Present-centered awareness diminishes worry and catastrophic thinking, and through this training, the patient is able to gain an understanding that cognitions and beliefs are mental phenomena rather than facts. Hyperarousal and the behavioral elements of PTSD are also affected positively or lessened by MBIs.
Several benefits may result from using MBIs to strengthen evidence-based, trauma-focused psychotherapies that do not already emphasize mindfulness. These interventions can assist with engagement, facilitate preparation for involvement in trauma-focused psychotherapies, and foster adherence to treatment. MBIs can also help maintain the patient’s commitment to the further development of the skills learned in treatment (Sornborger et al., 2017).
YOGA
Yoga involves a combination of physical postures, controlled breathing, meditation, and yogic ethics and philosophy. Yoga has been associated with improvement in depression, anxiety, and stress, with few to no side effects.
Yoga is believed to restore balance in the autonomic nervous system and enhance interoceptive awareness. Its effects may also be mediated by increased mindfulness and self-compassion. This can assist trauma survivors to approach symptoms with acceptance and potentially decrease reactivity and avoidance behaviors.
Clinicians should be aware that it is important that yoga be considered a possible adjunctive intervention for PTSD and not a foundational or stand-alone treatment (Gallegos et al., 2017; Sornborger et al., 2017).
Evaluation of Interventions
Identified goals and outcomes serve as a basis for evaluating the effectiveness of interventions for survivors of PTSD. The primary outcome is symptom reduction.
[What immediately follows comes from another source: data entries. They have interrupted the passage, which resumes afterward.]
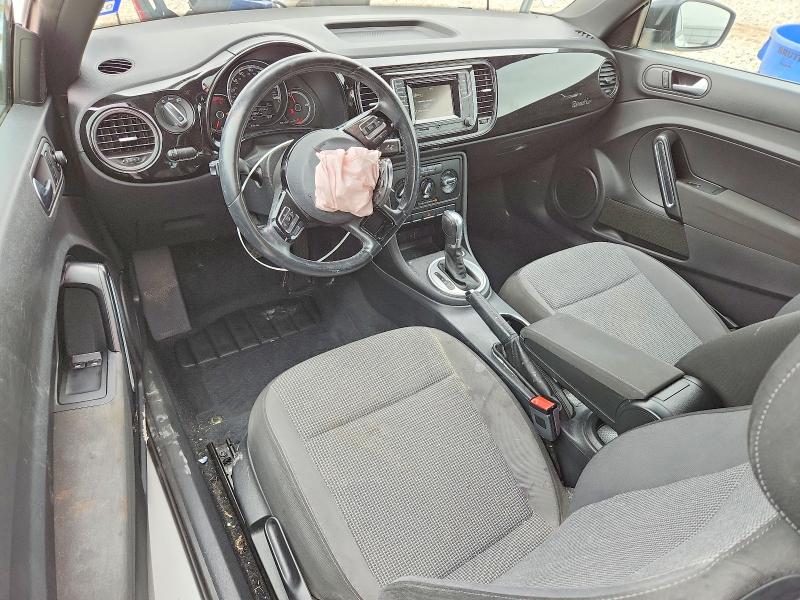Photo 8 from auction – 2017 VOLKSWAGEN BEETLE with VIN 3VWF17ATXHM610700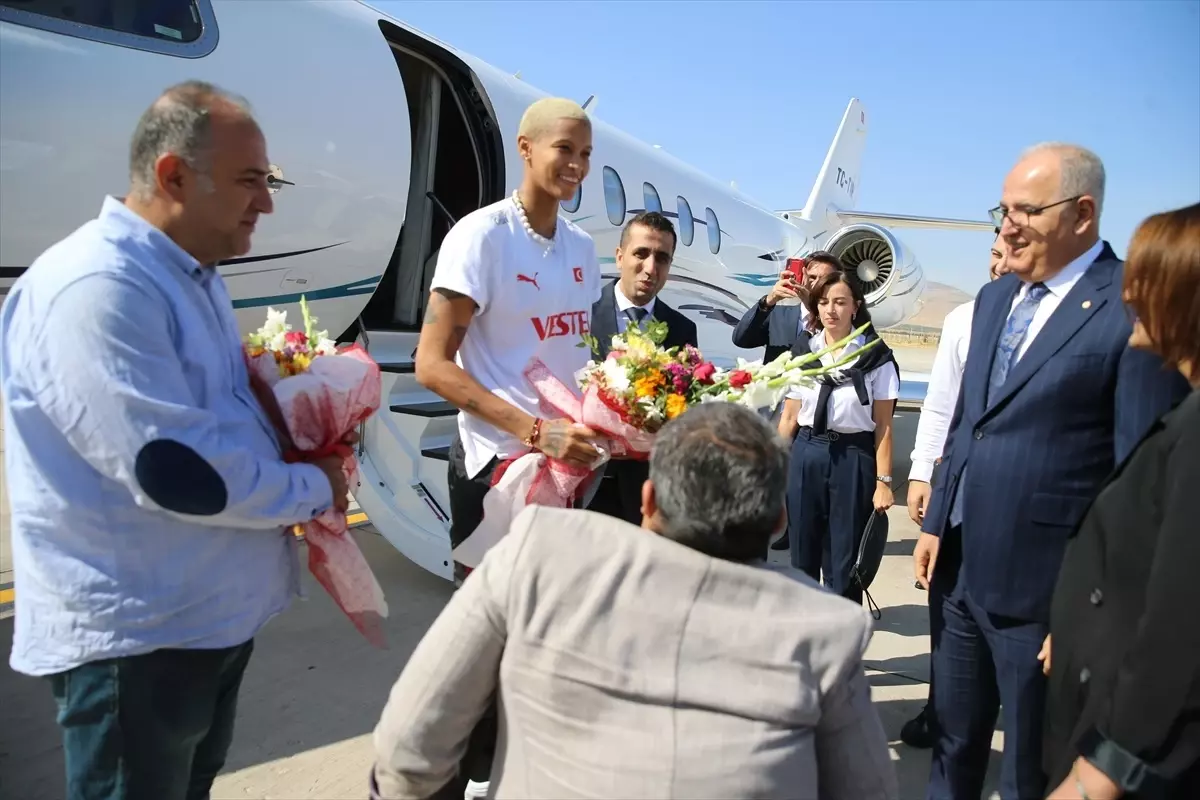 A Milli Kadın Voleybol Takımı oyuncusu Melissa Vargas, Malatya Valiliğini ziyaret etti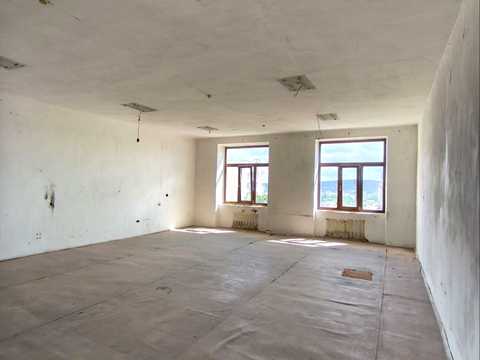 комерційна за адресою Плугова вул., 6-А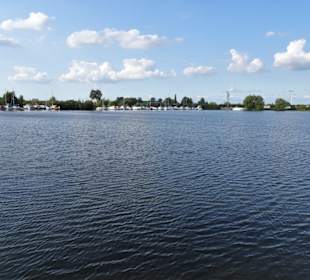 Blick über das Wasser des Wieltsees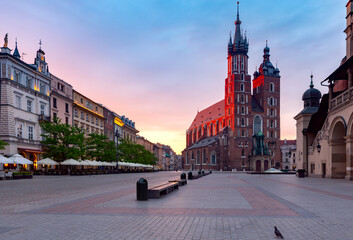 Plakat Krakow. St. Mary's Church and market square at dawn.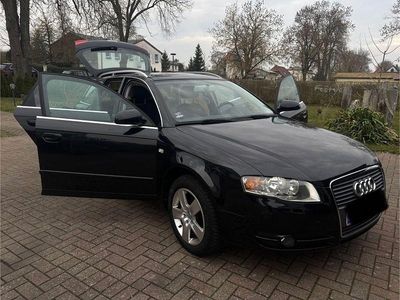 Gebraucht Audi A4 131 PS (96 kW) 2005 Schwarz Kombi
This is evaluated using clinician-rated and self-reported measures that address the symptoms the patient presented with, and asks if they have lessened, remained the same, or increased. Other goals to be evaluated include:
- Have comorbid medical or psychiatric conditions been prevented or reduced?
- Has there been a remission of all symptoms?
- Has the patient’s quality of life improved?
- Has the patient effectively dealt with disability/functional impairment?
- Has the patient returned to work or to active duty?
CASE
Alex (continued)
Six months after he began treatment, Alex meets with his healthcare provider. In evaluating his treatment, she determines that he has achieved the following goals:
- He no longer has thoughts of suicide.
- His symptoms have lessened to a great extent, and most days he is functioning well.
- He has not reported any signs or symptoms of depression or anxiety.
- His sleep has improved, and most nights he sleeps undisturbed for 6 to 7 hours.
- He no longer feels angry and has not had any outbursts for over 3 months.
- Alex has returned to his wife, and they are now involved in family counseling.
- He is able to talk about the loss of his friend and recognizes he was not to blame for his death.
- Although he continues to have a drink now and then, he has refrained from abusing alcohol or other substances.
- Alex reports he still has memories of the trauma, but he no longer responds physiologically to them. Emotionally he says that he “just feels sad” when he remembers.
- Last month he began part-time employment with the local ambulance service in the role of EMT dispatcher, where he is able to utilize the knowledge he gained as a medic in the Marines.